5) Gene Expression Studies in Early Human Development


Human embryonic material is extremely scarce world-wide and currently only two laboratories are licensed in the UK to collect and analyse human embryonic tissue. Dissemination of the results to the wider community is therefore vital for the progression of research. Developmental Gene Expression Map (DGEMap) was a EU-funded Design Study, which accelerated an integrated European approach to gene expression in early human development. Working closely with Susan Lindsay from the Institute of Human Genetics at Newcastle University and Richard Baldock from the MRC Human Genetic Unit at the University of Edinburgh, I took responsibility for the Informatics research and development which supports the integration of distributed gene expression data.


Key publication:


6) Virtual Observatories: Automating Astronomy


The concepts of workflow have recently been applied to automating large-scale science (or e-Science), coining the term scientific workflow. Business workflow tools look more like traditional programming languages, and are, in general pitched at the wrong level of abstraction for scientists to take advantage of. My doctoral research worked closely with Robert Mann, an astronomer from the Royal Observatory on a number of Virtual Observatory projects: AstroGrid and the Large Synoptic Survey Telescope (LSST). As a result, my doctoral thesis evolved a number of concrete use-case scenarios and identified a set of core requirements for scientific workflow systems. My open-source Multi Agent Service Choreography (MASC) framework was successfully applied directly to AstroGrid and LSST in order to demonstrate proof of concept and evolve the software.


Key publications:


Industrial Research and Engineering


Complementing my academic research, I have worked at two industrial research laboratories, focusing on engineering industrial strength systems which have immediate application.


7) Distributed Extended Transactions: Hewlett Packard


Traditional ACID (Atomicity, Consistency, Isolation, Durability) transactions work well in tightly coupled homogenous environments, where they are typically short lived and message delivery can be guaranteed.
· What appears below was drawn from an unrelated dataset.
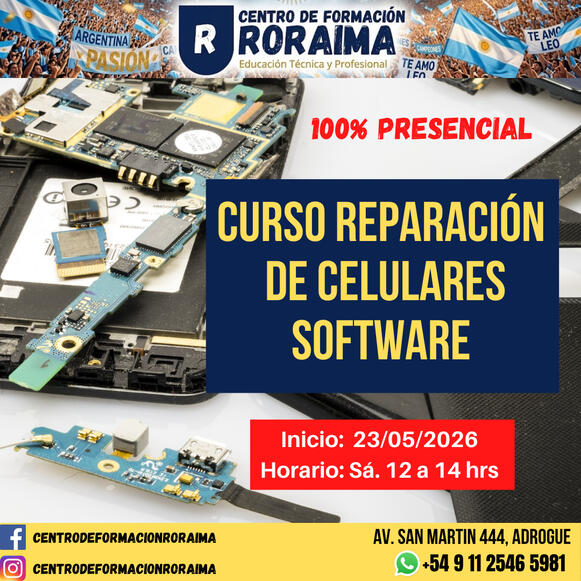 Curso de reparación de celulares software presencial en Centro de Formación Roraima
However these tightly coupled atomic semantics do not fit in well with the architecture of the Internet, where message delivery cannot be guaranteed and transactions may be long running. The OASIS Business Transaction Protocol (BTP) is an extended transaction model that allows coordination of resources which are exposed by multiple autonomous organisations. This model relaxes the traditional ACID properties and eradicates the exclusive locking of a resource by a transaction. A research project conducted at Hewlett Packard Arjuna, resulted in an implementation of the protocol and demonstrated that the CORBA Activity Service was a sufficiently generic framework to support this complex extended transaction model. This work was in collaboration with Mark Little, now CTO at JBoss.


8) Modelling Real-time Systems: BAE Systems


As a joint project between the University of Newcastle and British Aerospace Engineering (BAE Systems), my BSc thesis involved designing and implementing a modelling tool for analysing real-time formal models, used to design aviation software. Implementation involved the use of formal methods (VDM-SL) and Java. This work was supervised by John Fitzgerald at Newcastle University and Stephen Paynter at BAE Systems, Bristol.